In conjunction with our previous articles on the topic of AUKU and academic freedom, Naratif Malaysia recently interviewed Dr Linda Alfarero Lumayag, a Senior Lecturer and Programme Coordinator, Politics and Government Studies, at UNIMAS and a former member of KAMKEM-Alliance of Concerned Teachers Philippines (ACT). Contrary from previous articles with other scholars, Dr Linda Lumayag is a national of the Philippines. Hence, in this article, Dr Linda explains the importance of knowledge to be disseminated among society. She also shares her experience regarding academic freedom in Southeast Asia particularly comparing it during the implementation of Martial Law from Marcos’s years and AUKU in Malaysia.
NARATIF MALAYSIA (NM): Can we begin by asking you to summarize your involvement in academia?
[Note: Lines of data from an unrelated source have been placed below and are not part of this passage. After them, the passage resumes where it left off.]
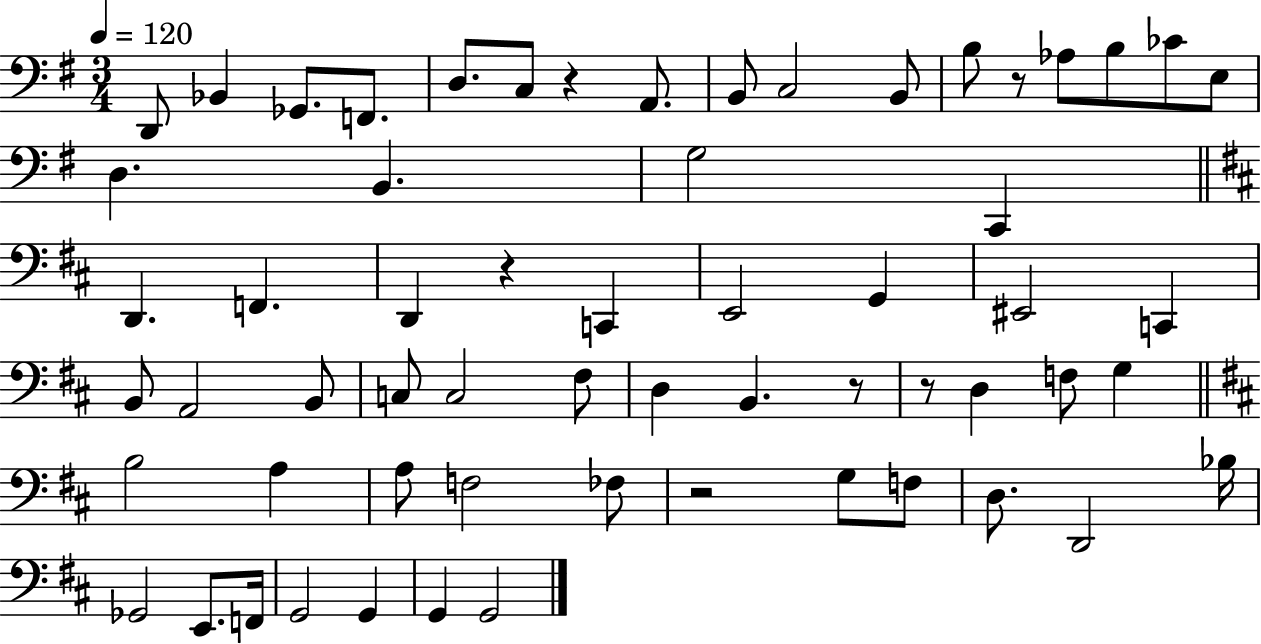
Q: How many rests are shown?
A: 6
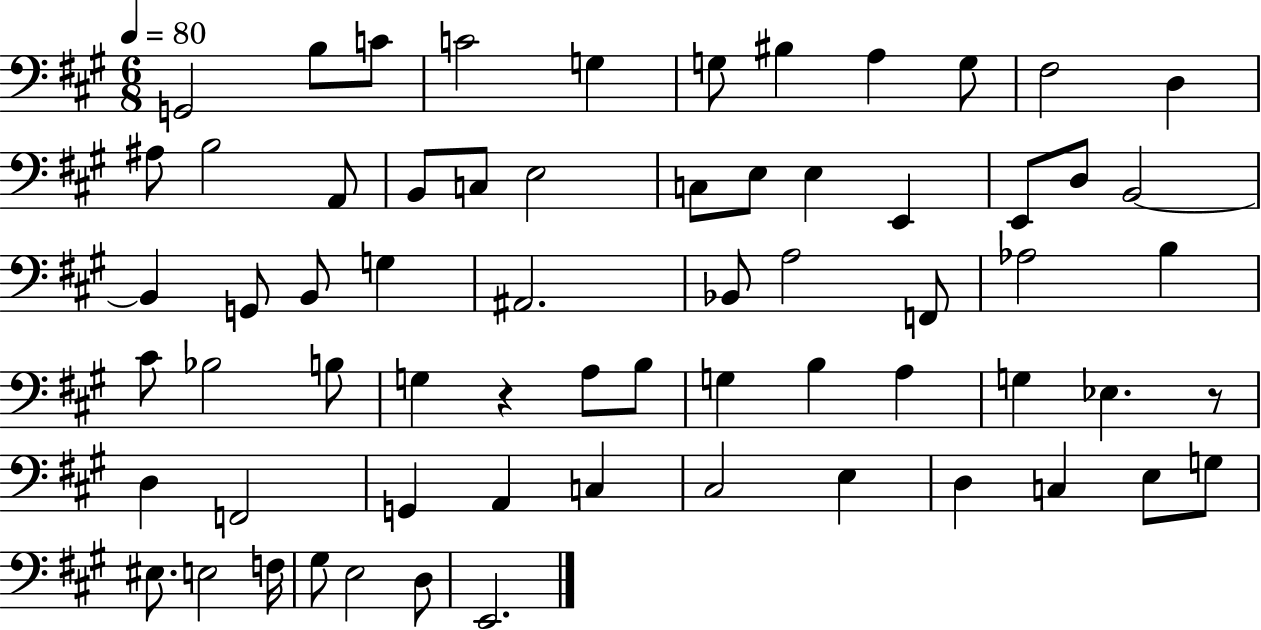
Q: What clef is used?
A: bass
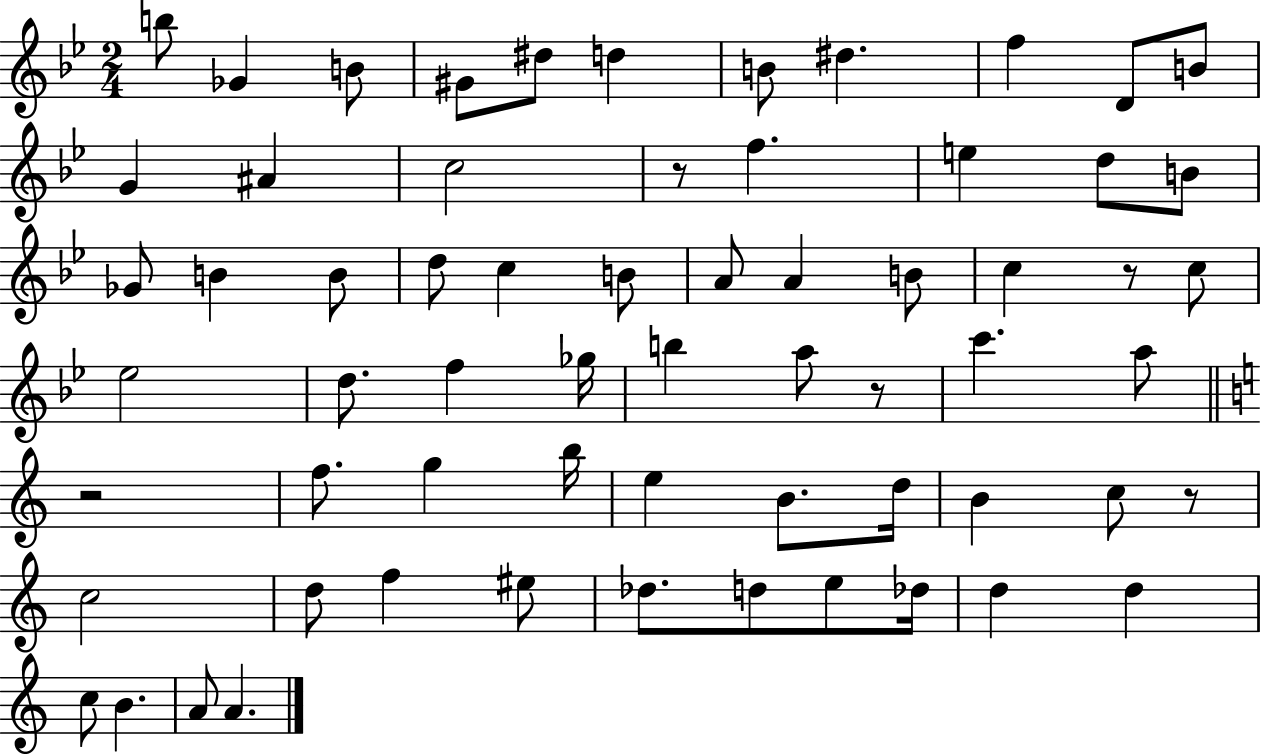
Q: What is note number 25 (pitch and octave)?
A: A4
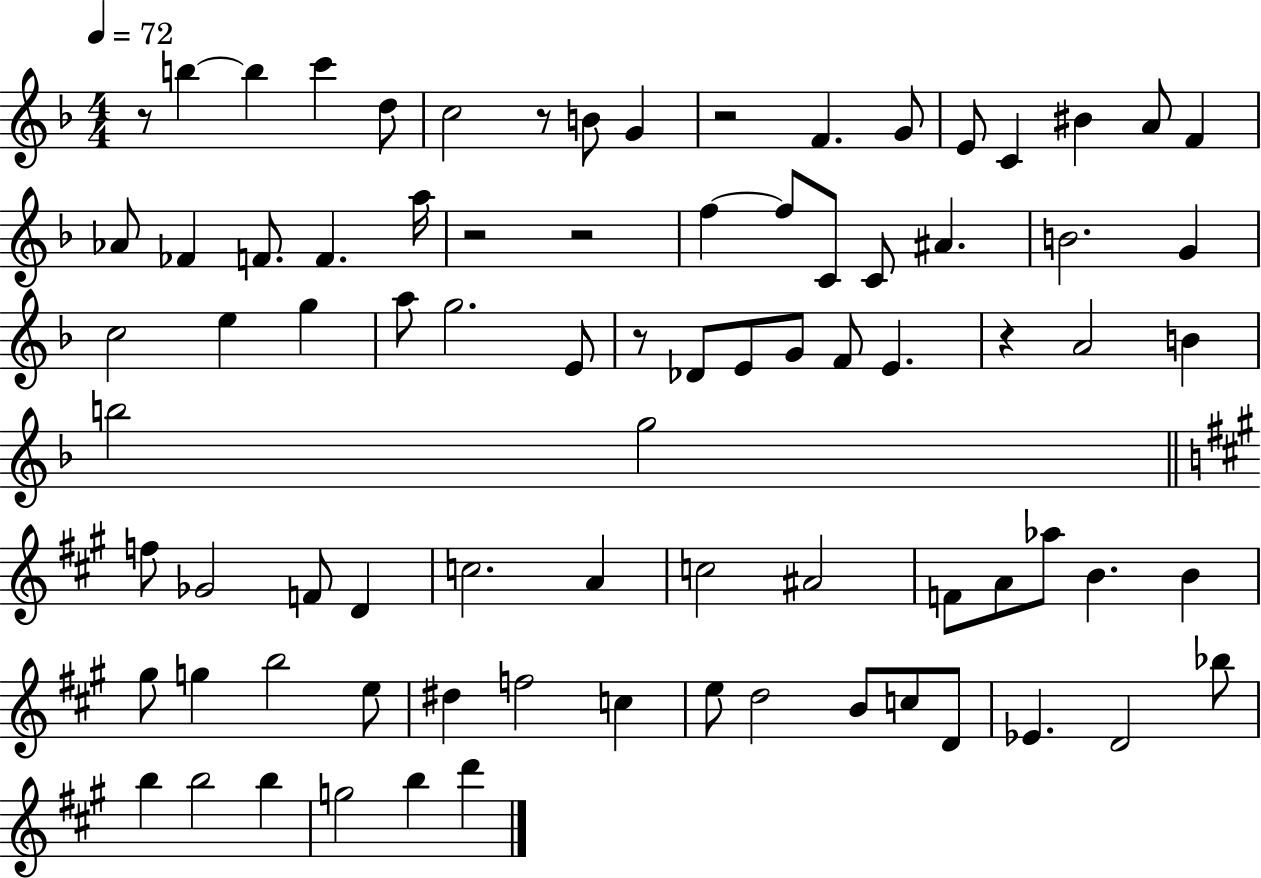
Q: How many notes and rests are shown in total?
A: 82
LINDA LUMAYAG (LL): I was teaching for several years in my home country before I came to Malaysia. From the start, I have believed that the only way to develop society is through education. I am drawn to academia because of its deep sense of commitment to shape the minds of the young generation. And I do not see academia as a separate entity, devoid of any relationship to other societal institutions. Academia, to me, is the soul of the nation. It provides the moral and social compass that points to the concerns that governments need to address. I have had a meaningful experience joining progressive-thinking groups that seek to enlighten the vast majority of the academe who were apolitical and apathetic to the socio-political conditions of the time. As a member of then ACT (Alliance of Concerned Teachers Philippines), we organized meetings and orientations to keep academics abreast of national developments. These encounters were productive, although were not without their challenges to our own personal security and social mobility.
NM: How would you describe the state of academic freedom and university autonomy in Malaysia throughout your academic career? Maybe you can share specific instances from your own experience related to these two matters.
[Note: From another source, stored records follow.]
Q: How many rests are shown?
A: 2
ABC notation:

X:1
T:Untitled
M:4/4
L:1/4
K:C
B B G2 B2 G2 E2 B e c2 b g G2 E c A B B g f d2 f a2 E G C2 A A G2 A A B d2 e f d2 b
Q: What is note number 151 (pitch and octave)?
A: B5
LL: I met a very young, passionate female university student who shared that after a semester in the university, she became more depressed and started to question how valuable the so-called ‘knowledge’ she learned before she entered the university. Her lecturer in Social History allowed students to explore “new” academic materials beyond what is required, then, she realized that all this while she was misled to understand a different version of ‘truth’.
The case above is one too many, I surmise.
If there is one institution that needs urgent reform, it is the state of our university education. It is truly a microcosm of the national frontier where the fabric of arrangement is ruled by the supremacy of race and religion. This seems to be the only major arrangement since the founding of Malaysia as a nation-state. The perception is that academia itself is not free from political control which is best demonstrated, for example, in the appointment of VCs, promotion exercises, vetting of curriculum structure and content, or quality of student intake. Since the ‘talent pool’ is restricted to those in the same race and political patronage, able academic leadership of public universities has become a challenge. The systemic process of depriving other capable leaders from the minority group to helm the public universities and its accessory issues of hiring and promotion has gravely affected quality teaching. A vicious cycle of a perceived worldview to serve a particular community rather than the greater majority remains unchallenged. A homogeneous prism through which we look at the academe has indirectly sidelined the interests and demand of the minority, as exemplified in the promotion exercise, textbook and course content etc. that then impacts teaching, research and management.
There is a strong invisible line of control that continues to pull down the sanctity of academic freedom and university autonomy. Academic freedom is beyond following the laborious task of doing documentation work, filling in forms and templates. This task does not configure in the overall movement to liberate our thinking from ignorance and miseducation. Nonetheless, academics have been reduced to complying these documentations, submitting them on time without substantive understanding how this task improve and strengthen knowledge production.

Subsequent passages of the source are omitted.